# Project: Grammar Error Correction

This project aims to develop a quique autogrammer correction system using `Natural Language Processing` NLP techniques.


#### Train bart-base language model.

This project entails the training of a text-to-text transformation model utilising the bart-base architecture provided in the HappyTransformer package.
The model undergoes training using a dataset that consists of pairs of input phrases having grammatical faults and their corresponding repaired versions.

The processed CVS file is obtained after completing all the exploratory data analysis (EDA) steps in the preceding Python file. Only the unique, error-free rows are selected and divided into separate training and assessment datasets.


The model's performance is calculated using BLEU, ROUGE, and F0.5 scores.

The below model is very similar to the used for training of t5-small model

In [6]:
!pip install happytransformer
!pip install rouge_score

# T4 GPU

from IPython.display import clear_output
clear_output()

In [7]:
import csv
import pandas as pd
from sklearn.model_selection import train_test_split
from happytransformer import HappyTextToText, TTSettings, TTTrainArgs
import nltk
from rouge_score import rouge_scorer
from sklearn.metrics import fbeta_score
nltk.download('punkt')

[nltk_data] Downloading package punkt to /root/nltk_data...
[nltk_data]   Package punkt is already up-to-date!


True

In [8]:
happy_tt = HappyTextToText("BART", "facebook/bart-base")

In [9]:
# Load your grammar correction data from CSV
data_df = pd.read_csv("processed_grammar_correction.csv", sep = ",", quotechar='"', escapechar='\\')

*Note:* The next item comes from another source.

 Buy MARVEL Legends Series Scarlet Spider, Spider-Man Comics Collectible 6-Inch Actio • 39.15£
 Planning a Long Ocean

input_sentences = data_df.iloc[:, 0].tolist()
correct_sentences = data_df.iloc[:, 1].tolist()


print("Input sentences:", input_sentences[:5])
print("Correct sentences:", correct_sentences[:5])

Input sentences: ['I goes to the store everyday.', 'They was playing soccer last night.', 'She have completed her homework.', "He don't know the answer.", 'The sun rise in the east.']
Correct sentences: ['I go to the store everyday.', 'They were playing soccer last night.', 'She has completed her homework.', "He doesn't know the answer.", 'The sun rises in the east.']


In [10]:

# Split into training and evaluation datasets
input_train, input_eval, target_train, target_eval = train_test_split(
    input_sentences, correct_sentences, test_size=0.2, random_state=42)


In [11]:
ttt_args = TTTrainArgs(num_train_epochs=3, batch_size=8, max_input_length=512, max_output_length=512)

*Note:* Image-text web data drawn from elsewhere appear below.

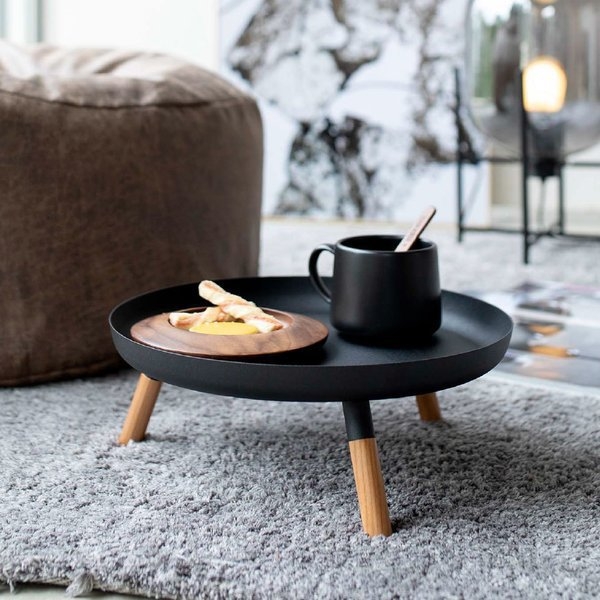 Japán stílusú minimalist snack-tároló polc, pozsgás növényekhez tartó, bejárati ajtókulcs-tál, gyümölcstál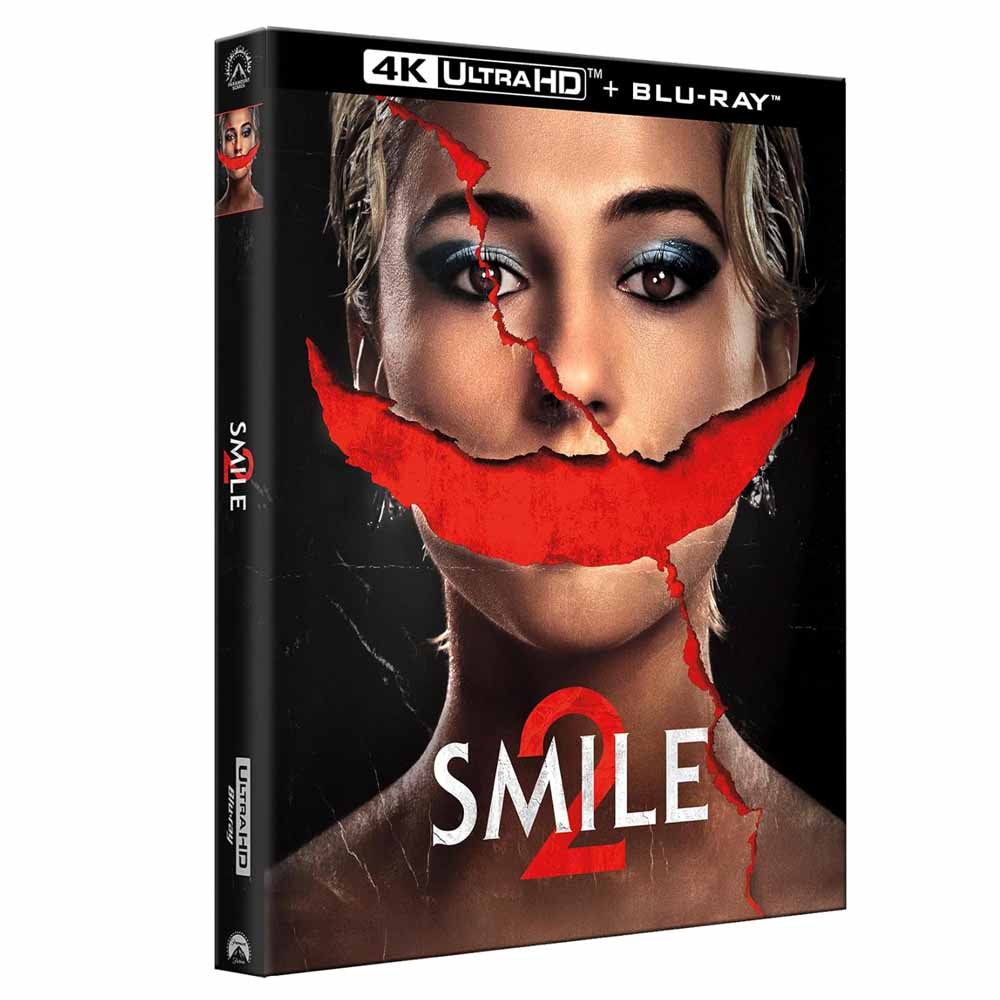 
  
  Smile 2 - 4K UHD + Blu-Ray
  
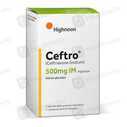 Ceftro (500Mg) 1 Vial Injection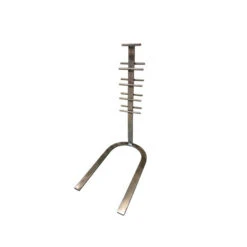 Support Pour Grille Barbecue Cheminée Forge De Rodez 6 Support Pour Grille Barbecue Cheminée Forge De Rodez -Weber Soldes support fer a cheval pour grilloir de cheminee ferronnerie d art 2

# Save training data to a CSV file
training_df = pd.DataFrame({
    "input": input_sentences,
    "target": correct_sentences
})
training_file = "training_data.csv"
training_df.to_csv(training_file, index=False)

In [12]:

# Train the model on your data
happy_tt.train(training_file, args = ttt_args)

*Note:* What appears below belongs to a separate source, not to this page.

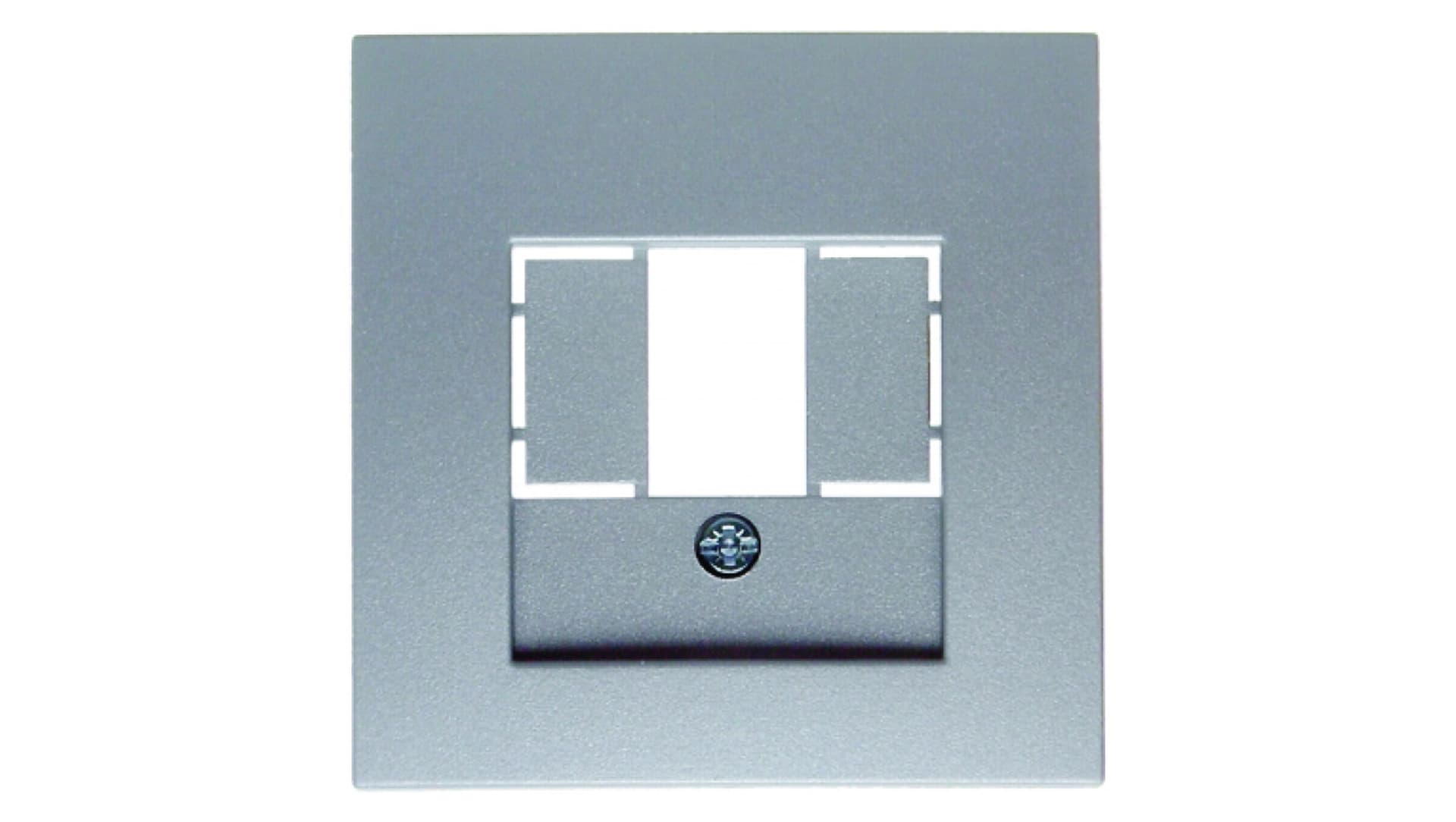 

Berker B.1/B.3/B.7 Glas Element centralny do gniazda TAE i głośnikowego aluminium 10331404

Generating train split: 0 examples [00:00, ? examples/s]

Map:   0%|          | 0/1559 [00:00<?, ? examples/s]

Map:   0%|          | 0/174 [00:00<?, ? examples/s]



Step,Training Loss,Validation Loss
1,0.8103,1.227144
59,0.5862,0.389758
118,0.4313,0.315759
177,0.3406,0.238711
236,0.2379,0.240713
295,0.1864,0.239482
354,0.1587,0.230264
413,0.1751,0.232284
472,0.0997,0.228387
531,0.1022,0.224264


In [13]:
# Save evaluation data to a CSV file
evaluation_df = pd.DataFrame({
    "input": input_eval,
    "target": target_eval
})
evaluation_file = "evaluation_data.csv"
evaluation_df.to_csv(evaluation_file, index=False)

In [14]:
# Let's generate predictions

eval_data_df = pd.read_csv(evaluation_file)

predictions = []
for input_text in eval_data_df['input']:
    result = happy_tt.generate_text(input_text)
    predictions.append(result.text)

In [15]:
# Let's also add predictions to the evaluation DataFrame

eval_data_df['predicted_text'] = predictions

eval_data_df.head()

Unnamed: 0,input,target,predicted_text
0,Can you help me this problem,Can you help me with this problem?,Can you help me with this problem?
1,The restaurant offers a wide varity of dishes.,The restaurant offers a wide variety of dishes.,The restaurant offers a wide variety of dishes.
2,The small little puppy was playing in the yard.,The small puppy was playing in the yard.,The small puppy was playing in the yard.
3,Download the file and open it,Downloaded the file and opened it,Downloaded the file and opened it.
4,They don’t like ice cream.,They don’t like ice cream.,They don’t like ice cream.


In [16]:
# Let's first compute BLEU score
references = [nltk.word_tokenize(text_1) for text_1 in eval_data_df['target']]
hypotheses = [nltk.word_tokenize(text_2) for text_2 in eval_data_df['predicted_text']]
bleu_score = nltk.translate.bleu_score.corpus_bleu([[ref] for ref in references], hypotheses)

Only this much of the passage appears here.